Data section ->
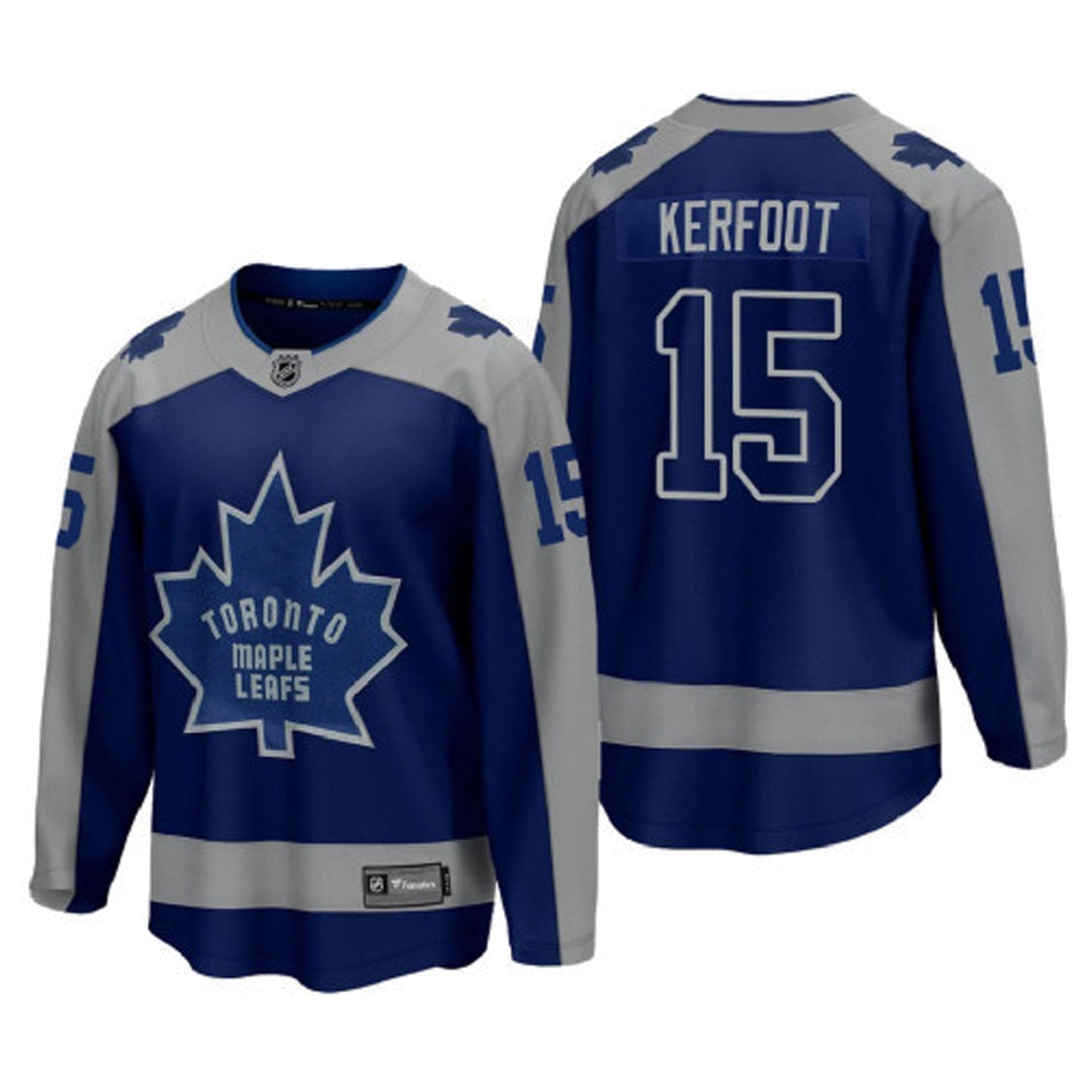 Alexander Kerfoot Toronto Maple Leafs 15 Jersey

==

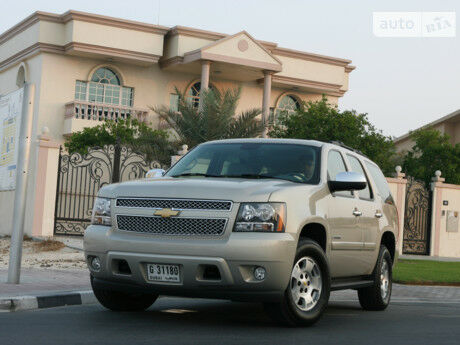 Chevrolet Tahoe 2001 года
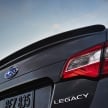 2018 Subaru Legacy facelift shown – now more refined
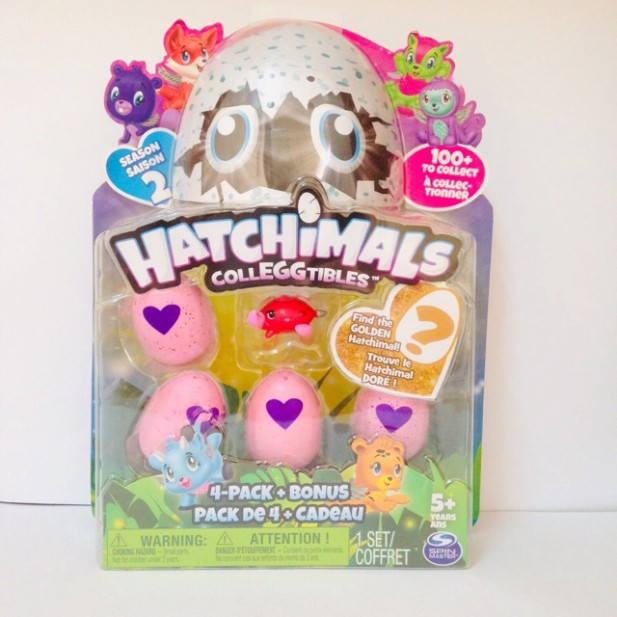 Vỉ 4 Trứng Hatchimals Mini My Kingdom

---

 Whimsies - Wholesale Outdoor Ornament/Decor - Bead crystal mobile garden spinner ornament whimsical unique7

Your goal -> What you return must match, character for character, the lines above from the one with "Chevrolet Tahoe 2001 года" through the one with "Vỉ 4 Trứng Hatchimals Mini My Kingdom", minus any pictures.

Response area ->
 Chevrolet Tahoe 2001 года
 2018 Subaru Legacy facelift shown – now more refined
 Vỉ 4 Trứng Hatchimals Mini My Kingdom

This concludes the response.